Can any of the economists proposing this scheme ask for a guarantee of any
kind that if they help push this scheme, details like this one won't get left
out ? Of course not. They'll cheerlead it and then blame the government,
forgetting their complicity.

------
rb808
These big cities will be fine. They can easily afford to protect from rising
flood waters. Its the smaller cities and towns all down the coasts that can't
afford to do anything or are literally built on sand.

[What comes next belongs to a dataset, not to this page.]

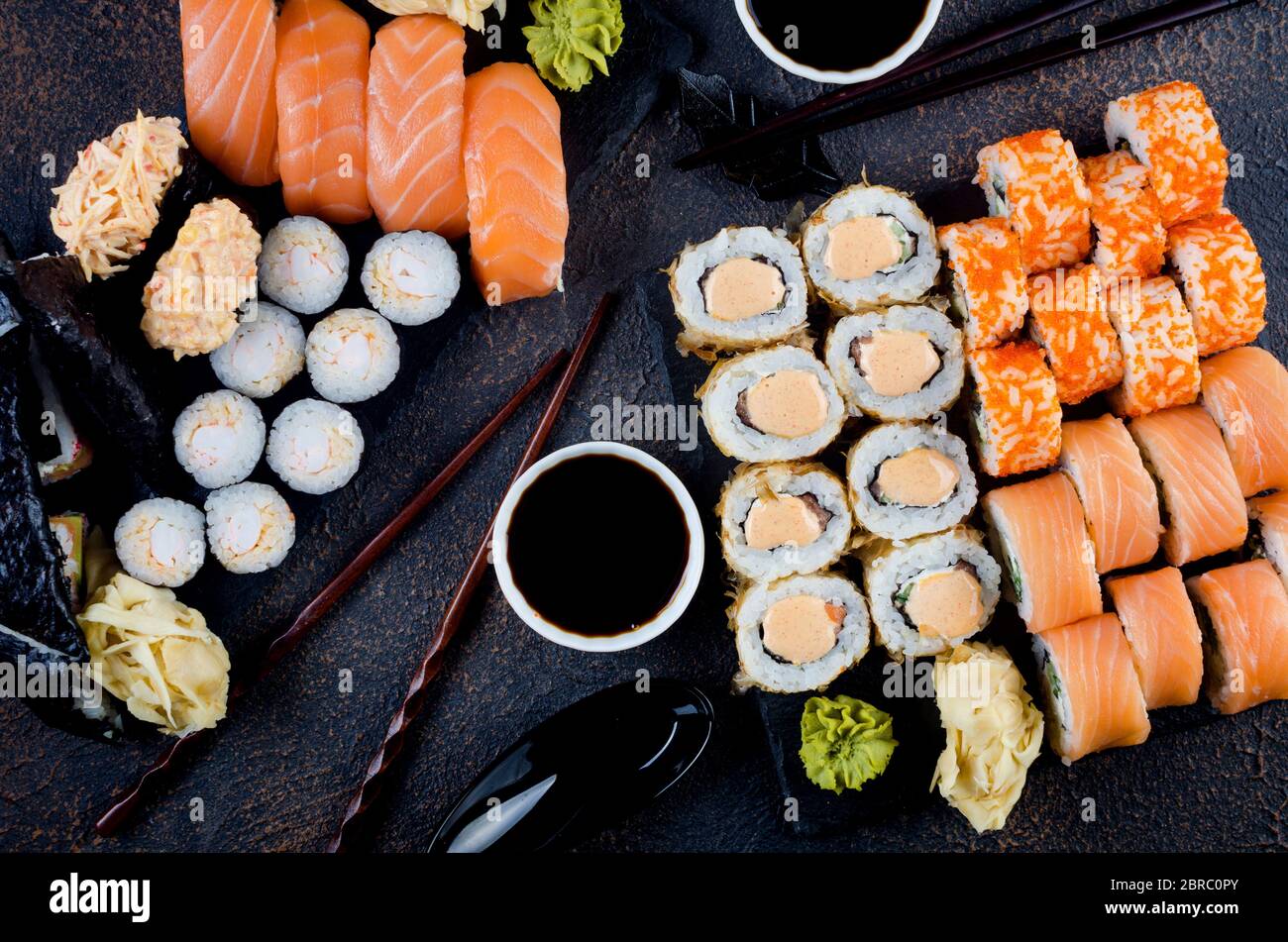 Leckere Sushi-Brötchen mit Soßen, Ingwer und Wasabi auf dunkel Stockfoto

Cities in poor countries
are going to have trouble too, but that is a different issue.

------
thrower123
Most of modern Boston is built on trash dumped into the harbor to make more
land, so I can imagine that they are going to have some issues with any sea
rises.

[https://news.nationalgeographic.com/2017/06/Boston-
landfill-...](https://news.nationalgeographic.com/2017/06/Boston-landfill-
maps-history/)

One side-effect of all this land-filling is that it is really difficult to get
a feel for what the place would have been like historically. For instance, the
campaigns of 1775 don't make a lot of sense if you are reading about them and
trying to look at a modern map.

------
est31
An amazing talk by Bud Ris about the challenges Boston faces from climate
change:
[https://www.youtube.com/watch?v=MToNKd6RQhk](https://www.youtube.com/watch?v=MToNKd6RQhk)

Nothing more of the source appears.